Act.al.4 What is the 50th term

[karush]

$\tiny{act.al.4}$
The 3rd and 4th terms of an arithmetic sequence are 13 and 18, respectively. What is the 50th term of the sequence?
$a.\ {248}\quad b.\ {250}\quad c.\ {253}\quad d.\ {258}\quad e.\ {263}$

ok according to Sullivan's textbook
$a_1=a\quad a_n=a_{n-1}+d$
so $d=5$ and $a_1=3$
and the nth term is
$a_n = a_1 + (n -1)d$
then
$a_50= 3+ (50 -1)5=$ 248

 

[HOI]

Yes, since two consecutive terms are 13 and 18, d, the "common difference", is 18- 13= 5. Calling the first term $a_1$, the second difference is $a_2= a_1+ 5$ and the third difference is $a_1+ 10= 13$ so that $a_1= 13- 10= 3$. Well done!

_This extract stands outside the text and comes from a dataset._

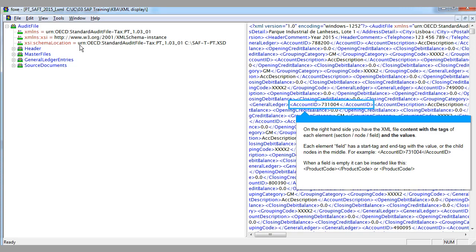For example, account ID 731-004. When a field is empty, it can be inserted like this.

And then the 50th term is the first term, $a_1= 3$, plus d= 5, added 50- 1= 49 times. 49 times 5= 245. The 50th term is 3+ 245= 248, exactly what have! Excellent!

 

[karush]

mahalo,

I assume $a_1$ never goes negative

the hard part is trying to remember these formulas

 

[HOI]

DON'T memorize formulas, memorize definitions! Everything I wrote follows directly from the definition of "arithmetic sequence".